I had experiences recently with what might be called "the extraordinary ordinary," a term I coined after reading over half a million Communion letters from common, everyday people who’d had what can only be called transformative experiences with some sort of alternative life form. It all started with a visit from the powerful psychic Glennys Mackay, who stopped off in LA, along with her husband George, after a cruise from Australia.

Now Glennys is ANYTHING but "ordinary," and yet in many ways, she IS a very ordinary person. She is not sophisticated: she likes to email funny jokes and cartoons to her friends. When she gets a psychic "hit," she simply announces it matter-of-factly, with none of the "woo woo" fanfare a less talented medium might use. I guess you might call Glennys "the ordinary extraordinary."

We wanted to take the MacKays to a place they had never been before, since it turned out they had seen all the usual tourist spots in the city on previous trips. We decided to go to the Getty Museum, which has a lovely restaurant. It also has a very crowded garage. We paid our $8 to park when we entered, so we KNEW there was a parking spot there SOMEWHERE, but since it was wall-to-wall cars, we weren’t sure we’d be able to find it. Then Glennys suddenly said, "There’s a white car leaving right now on the next level," so we zoomed up and found a white car backing out at that very moment. I whispered to Whitley, "You need to be a psychic to find a parking spot in this town!"

A few days later, we went to a breakfast at our new church, because we wanted to explore the volunteer options there. I sometimes spend Christmas or Thanksgiving without my family and I wanted to investigate feeding the homeless during those times.

When we went in, we were given name tags and moved from group to group, in a form of musical chairs. When I first saw this, I was dismayed, but then I cheered up, because I met more "extraordinary ordinary" people there than I’ve met in any one place in a long time. I met a gay man who said he felt welcome there. I met a divorced woman who discovered that the man she loved had only a month to live, so she wanted to get an annulment so she could marry him in the Catholic church before he died. The priest said there was no way he could rush the annulment through, but he told her to follow her heart and they were married by her new father-in- law, who turned out to be a Lutheran minister. Tears began running down my cheeks as she told her story, and I decided I really liked the way that "rules" and dogma were not held to be more important than people’s needs.
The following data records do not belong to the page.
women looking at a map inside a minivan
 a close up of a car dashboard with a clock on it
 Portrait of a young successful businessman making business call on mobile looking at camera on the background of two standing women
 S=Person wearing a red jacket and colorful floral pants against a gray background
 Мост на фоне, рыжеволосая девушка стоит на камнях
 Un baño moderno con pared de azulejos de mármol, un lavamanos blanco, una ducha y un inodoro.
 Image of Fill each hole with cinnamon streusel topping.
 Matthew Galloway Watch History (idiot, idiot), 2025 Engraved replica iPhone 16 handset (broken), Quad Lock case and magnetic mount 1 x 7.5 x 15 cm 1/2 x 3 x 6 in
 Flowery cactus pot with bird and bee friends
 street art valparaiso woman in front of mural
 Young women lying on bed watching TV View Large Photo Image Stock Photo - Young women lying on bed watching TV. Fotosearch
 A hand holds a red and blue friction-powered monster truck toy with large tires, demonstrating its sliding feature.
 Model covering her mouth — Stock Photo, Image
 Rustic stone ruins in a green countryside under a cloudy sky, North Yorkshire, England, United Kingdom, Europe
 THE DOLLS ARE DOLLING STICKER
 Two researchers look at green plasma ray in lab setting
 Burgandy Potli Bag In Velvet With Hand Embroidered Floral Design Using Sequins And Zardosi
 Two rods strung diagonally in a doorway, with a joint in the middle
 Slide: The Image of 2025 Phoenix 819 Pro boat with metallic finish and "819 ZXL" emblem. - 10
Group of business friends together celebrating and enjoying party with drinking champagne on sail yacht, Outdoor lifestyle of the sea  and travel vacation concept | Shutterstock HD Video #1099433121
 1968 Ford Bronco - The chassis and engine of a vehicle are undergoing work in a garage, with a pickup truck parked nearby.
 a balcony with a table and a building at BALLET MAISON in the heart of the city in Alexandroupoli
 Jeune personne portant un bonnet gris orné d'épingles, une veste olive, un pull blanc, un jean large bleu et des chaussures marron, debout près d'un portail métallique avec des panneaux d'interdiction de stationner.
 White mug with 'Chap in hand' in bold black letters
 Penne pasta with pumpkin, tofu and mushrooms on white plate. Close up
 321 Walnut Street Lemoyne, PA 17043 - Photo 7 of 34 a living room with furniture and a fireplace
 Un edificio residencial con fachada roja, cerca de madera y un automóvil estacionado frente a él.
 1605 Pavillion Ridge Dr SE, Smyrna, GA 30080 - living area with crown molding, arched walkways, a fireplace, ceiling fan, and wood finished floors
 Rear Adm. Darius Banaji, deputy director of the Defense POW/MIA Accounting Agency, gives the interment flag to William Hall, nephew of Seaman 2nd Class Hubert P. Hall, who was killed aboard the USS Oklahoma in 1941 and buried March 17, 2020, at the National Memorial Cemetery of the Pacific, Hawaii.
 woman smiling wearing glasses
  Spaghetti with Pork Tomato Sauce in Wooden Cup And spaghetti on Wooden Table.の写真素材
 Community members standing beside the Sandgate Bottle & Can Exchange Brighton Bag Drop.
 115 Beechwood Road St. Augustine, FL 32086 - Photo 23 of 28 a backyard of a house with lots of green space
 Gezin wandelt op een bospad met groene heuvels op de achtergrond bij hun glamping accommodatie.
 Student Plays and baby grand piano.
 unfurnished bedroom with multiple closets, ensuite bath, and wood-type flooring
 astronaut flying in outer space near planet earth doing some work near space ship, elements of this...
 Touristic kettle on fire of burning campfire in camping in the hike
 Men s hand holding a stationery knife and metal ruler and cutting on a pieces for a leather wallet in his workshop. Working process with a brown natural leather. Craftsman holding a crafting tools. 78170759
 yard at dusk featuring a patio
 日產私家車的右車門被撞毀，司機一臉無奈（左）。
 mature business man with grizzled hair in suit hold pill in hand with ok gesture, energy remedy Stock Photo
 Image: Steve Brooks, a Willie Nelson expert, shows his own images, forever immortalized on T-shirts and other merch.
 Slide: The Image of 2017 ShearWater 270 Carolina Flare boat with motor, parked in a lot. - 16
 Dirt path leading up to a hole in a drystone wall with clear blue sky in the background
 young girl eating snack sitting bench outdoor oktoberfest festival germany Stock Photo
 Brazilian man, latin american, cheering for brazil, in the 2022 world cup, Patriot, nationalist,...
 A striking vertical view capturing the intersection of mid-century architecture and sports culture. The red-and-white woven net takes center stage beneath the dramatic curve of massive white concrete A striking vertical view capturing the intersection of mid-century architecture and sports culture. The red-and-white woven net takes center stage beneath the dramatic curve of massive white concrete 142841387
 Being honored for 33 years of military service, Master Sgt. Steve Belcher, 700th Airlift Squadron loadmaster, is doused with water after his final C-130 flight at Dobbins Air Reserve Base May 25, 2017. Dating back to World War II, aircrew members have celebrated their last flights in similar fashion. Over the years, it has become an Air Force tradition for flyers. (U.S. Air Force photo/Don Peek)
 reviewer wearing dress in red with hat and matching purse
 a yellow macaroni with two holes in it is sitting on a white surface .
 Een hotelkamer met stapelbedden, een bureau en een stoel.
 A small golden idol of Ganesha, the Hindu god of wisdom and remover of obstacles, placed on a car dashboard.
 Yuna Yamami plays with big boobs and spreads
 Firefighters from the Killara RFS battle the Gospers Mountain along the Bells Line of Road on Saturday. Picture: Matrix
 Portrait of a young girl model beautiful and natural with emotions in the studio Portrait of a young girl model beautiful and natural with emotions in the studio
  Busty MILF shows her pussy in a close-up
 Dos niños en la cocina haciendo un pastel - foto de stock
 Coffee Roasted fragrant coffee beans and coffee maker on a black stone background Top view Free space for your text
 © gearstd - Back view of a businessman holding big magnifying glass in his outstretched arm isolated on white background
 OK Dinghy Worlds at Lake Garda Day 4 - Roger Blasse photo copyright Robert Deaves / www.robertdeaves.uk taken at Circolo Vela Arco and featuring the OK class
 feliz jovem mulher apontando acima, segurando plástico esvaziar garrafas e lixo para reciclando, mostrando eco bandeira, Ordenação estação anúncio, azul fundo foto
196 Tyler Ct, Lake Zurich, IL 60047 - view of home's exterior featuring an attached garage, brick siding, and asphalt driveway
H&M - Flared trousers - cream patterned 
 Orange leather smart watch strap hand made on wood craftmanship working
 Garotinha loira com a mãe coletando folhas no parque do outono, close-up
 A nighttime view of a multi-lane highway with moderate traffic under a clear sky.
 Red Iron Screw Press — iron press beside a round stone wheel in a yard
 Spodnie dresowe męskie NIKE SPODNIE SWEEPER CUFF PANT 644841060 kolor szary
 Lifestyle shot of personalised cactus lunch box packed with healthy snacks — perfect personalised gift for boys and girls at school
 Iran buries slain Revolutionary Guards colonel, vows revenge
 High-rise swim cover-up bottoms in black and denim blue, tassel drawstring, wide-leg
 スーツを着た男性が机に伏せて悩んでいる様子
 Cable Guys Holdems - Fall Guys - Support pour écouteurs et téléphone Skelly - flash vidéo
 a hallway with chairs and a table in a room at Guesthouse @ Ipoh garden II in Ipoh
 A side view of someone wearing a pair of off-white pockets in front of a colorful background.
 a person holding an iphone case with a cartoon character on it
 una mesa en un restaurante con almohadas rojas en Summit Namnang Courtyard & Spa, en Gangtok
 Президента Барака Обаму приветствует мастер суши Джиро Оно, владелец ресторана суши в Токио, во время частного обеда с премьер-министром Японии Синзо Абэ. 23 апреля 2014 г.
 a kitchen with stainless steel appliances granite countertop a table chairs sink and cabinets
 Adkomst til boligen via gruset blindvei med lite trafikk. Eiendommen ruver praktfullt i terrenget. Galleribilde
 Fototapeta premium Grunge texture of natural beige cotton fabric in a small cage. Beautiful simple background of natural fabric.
Impressed as I was by all the ordinary, selfless people I had just met, I went to a lecture that night, where I was greeted with a big hug by a woman I had never met who was instrumental in saving my life three years ago. She heard Whitley talking about my burst aneurysm on the Art Bell show, and called a doctor she knew, who managed to get me transferred to the best hospital in town, where an extraordinary neurologist worked tirelessly to save my life. Despite her courageous intervention on my behalf, she would definitely describe herself as an "ordinary" person.

Then one of the speakers began going on and on about how ordinary people are dumb, lazy, selfish, ineffective, etc. His message was so poisonous that several people there actually started to feel nauseous. I thought, "Does this man KNOW any ordinary people? I’m so glad I do!"